== Task to complete ==
What is wanted is the full listing, word for word, without its pictures.

BEGIN Recorded data

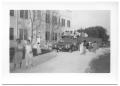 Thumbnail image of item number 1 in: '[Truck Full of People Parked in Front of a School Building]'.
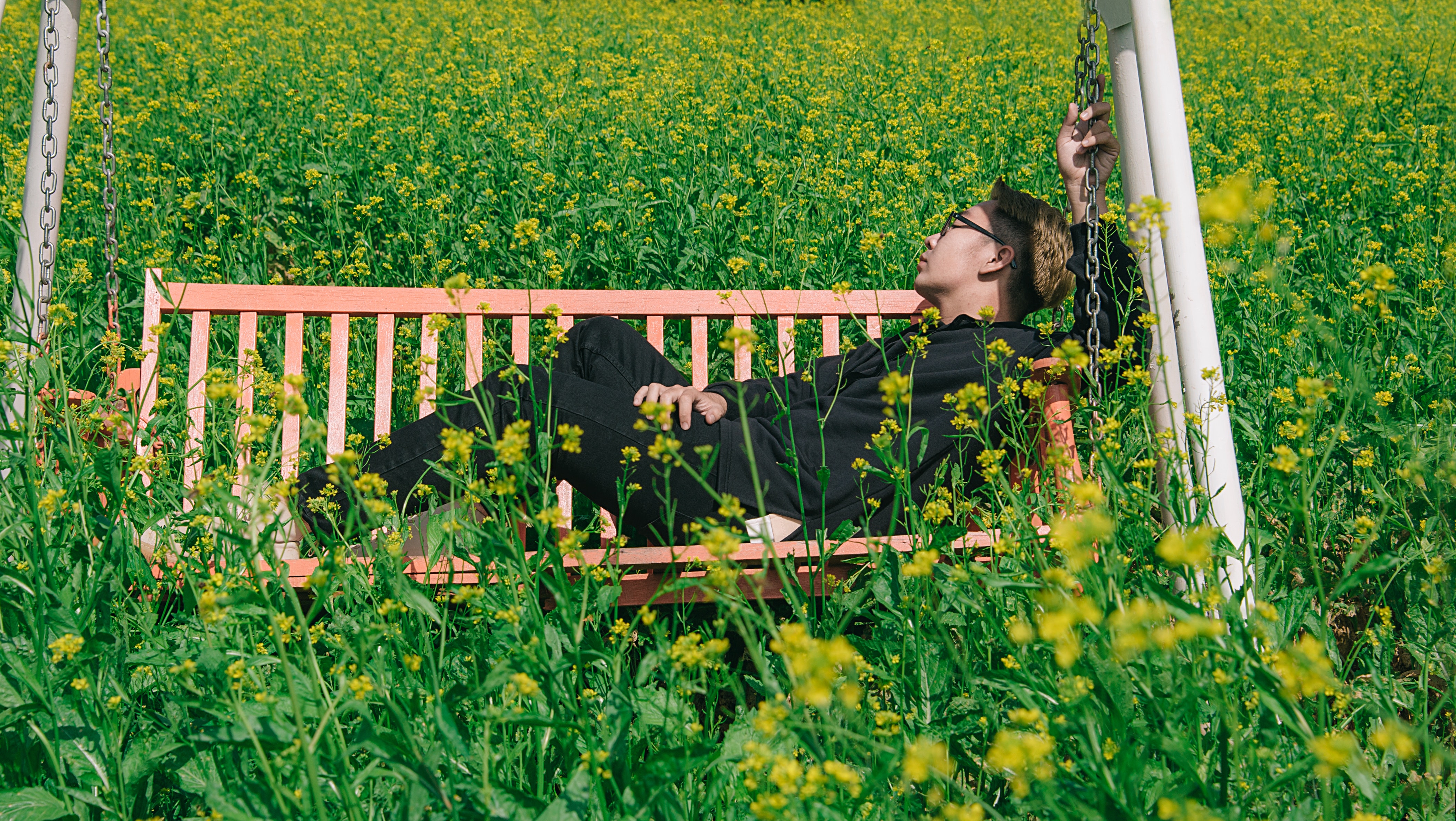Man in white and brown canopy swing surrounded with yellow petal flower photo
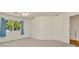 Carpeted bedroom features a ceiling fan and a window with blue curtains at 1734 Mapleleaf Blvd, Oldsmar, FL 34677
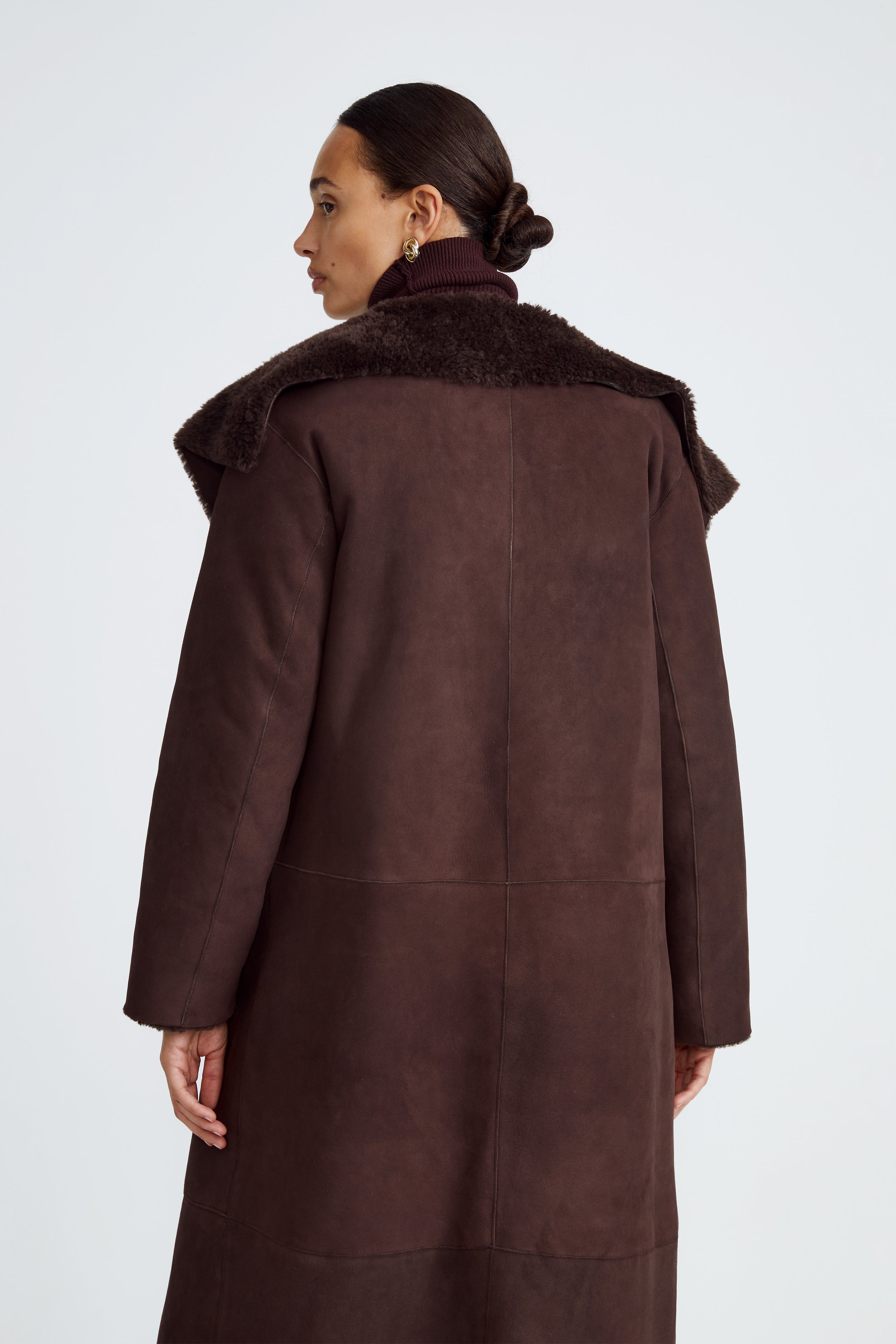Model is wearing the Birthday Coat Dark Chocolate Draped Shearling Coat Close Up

END Recorded data

== Answer for this exercise ==
 Thumbnail image of item number 1 in: '[Truck Full of People Parked in Front of a School Building]'.
Man in white and brown canopy swing surrounded with yellow petal flower photo
 Carpeted bedroom features a ceiling fan and a window with blue curtains at 1734 Mapleleaf Blvd, Oldsmar, FL 34677
Model is wearing the Birthday Coat Dark Chocolate Draped Shearling Coat Close Up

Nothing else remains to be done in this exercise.